Uma mulher que não deseja ter filhos se submete a uma experiência com consequências perturbadoras em 'Tic-Tac: A Maternidade do Mal', filme dirigido e roteirizado por Alexis Jacknow
Arte do filme 'Tic-Tac: A Maternidade do Mal', de Alexis Jacknow. Foto: Hulu |
A gravidez tem sido tema de muitos filmes de terror, desde clássicos como O Bebê de Rosemary até produções recentes como Abandonada e O Nascimento do Mal. Agora, o assunto volta a ganhar destaque em Clock, um terror psicológico do serviço de streaming Hulu, que chega ao Brasil através do Star+ com o título engraçado de Tic-Tac: A Maternidade do Mal.

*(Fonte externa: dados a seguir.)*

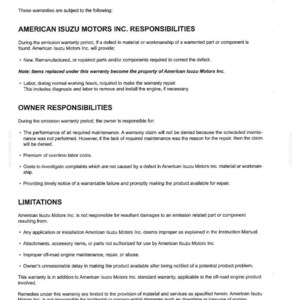 May include: A black and white document page titled Section XI - SPECIFICATIONS (EPA ENGINE) outlining the limitations and responsibilities for American Isuzu Motors Inc. warranties, including owner duties and specific warranty coverage details.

Dirigido pela estreante Alexis Jacknow, baseado em seu próprio curta-metragem, o filme apresenta Dianna Agron (Shiva Baby) como Ella Patel, uma designer de interiores que leva uma vida aparentemente perfeita. Ela tem uma carreira de sucesso, uma renda confortável e uma casa dos sonhos nos subúrbios. Além disso, tem tempo livre para fazer trabalhos voluntários e manter uma vida sexual ativa com o marido amoroso Aiden (Jay Ali, da série Demolidor), que está se preparando para se tornar médico.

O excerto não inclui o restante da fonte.